= Beginning of Section =

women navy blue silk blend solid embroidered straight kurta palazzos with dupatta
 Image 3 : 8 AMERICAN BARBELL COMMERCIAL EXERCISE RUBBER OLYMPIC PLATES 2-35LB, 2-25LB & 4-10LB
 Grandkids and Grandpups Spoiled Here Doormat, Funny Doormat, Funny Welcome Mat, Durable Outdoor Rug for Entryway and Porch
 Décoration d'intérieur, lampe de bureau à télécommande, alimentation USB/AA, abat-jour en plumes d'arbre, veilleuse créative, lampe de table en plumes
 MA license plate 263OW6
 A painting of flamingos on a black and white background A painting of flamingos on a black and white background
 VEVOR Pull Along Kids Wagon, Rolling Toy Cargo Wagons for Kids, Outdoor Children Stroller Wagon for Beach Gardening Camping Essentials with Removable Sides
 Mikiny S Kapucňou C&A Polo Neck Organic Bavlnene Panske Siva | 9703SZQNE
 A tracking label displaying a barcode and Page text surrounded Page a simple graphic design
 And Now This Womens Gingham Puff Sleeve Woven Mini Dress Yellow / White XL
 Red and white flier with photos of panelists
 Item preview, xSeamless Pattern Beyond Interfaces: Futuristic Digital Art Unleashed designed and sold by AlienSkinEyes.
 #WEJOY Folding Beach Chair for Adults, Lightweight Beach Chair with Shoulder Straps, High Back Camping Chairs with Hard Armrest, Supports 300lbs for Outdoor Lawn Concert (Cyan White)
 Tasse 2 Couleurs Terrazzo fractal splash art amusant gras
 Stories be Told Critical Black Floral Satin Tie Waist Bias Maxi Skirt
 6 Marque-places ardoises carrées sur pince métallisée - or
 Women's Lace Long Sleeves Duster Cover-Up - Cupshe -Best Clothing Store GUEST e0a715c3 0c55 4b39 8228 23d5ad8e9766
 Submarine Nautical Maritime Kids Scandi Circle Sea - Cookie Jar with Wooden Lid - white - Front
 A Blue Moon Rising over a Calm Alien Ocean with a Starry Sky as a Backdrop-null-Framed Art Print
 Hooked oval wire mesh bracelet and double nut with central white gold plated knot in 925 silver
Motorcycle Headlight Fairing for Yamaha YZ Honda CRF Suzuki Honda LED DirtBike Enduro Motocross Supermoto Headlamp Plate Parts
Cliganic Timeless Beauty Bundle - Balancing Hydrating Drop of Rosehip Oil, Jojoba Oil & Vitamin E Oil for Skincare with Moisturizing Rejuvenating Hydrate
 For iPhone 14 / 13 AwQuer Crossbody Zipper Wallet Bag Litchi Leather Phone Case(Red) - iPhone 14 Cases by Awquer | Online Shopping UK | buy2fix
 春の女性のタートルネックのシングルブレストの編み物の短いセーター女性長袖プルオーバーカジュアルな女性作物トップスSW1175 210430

= End of Section =

# [Activity]
Once the line with "Image 3 : 8" is found in the records above, print exactly that line and every line after it through the line with "Grandkids and Grandpups".

# [Task answer]
 Image 3 : 8 AMERICAN BARBELL COMMERCIAL EXERCISE RUBBER OLYMPIC PLATES 2-35LB, 2-25LB & 4-10LB
 Grandkids and Grandpups Spoiled Here Doormat, Funny Doormat, Funny Welcome Mat, Durable Outdoor Rug for Entryway and Porch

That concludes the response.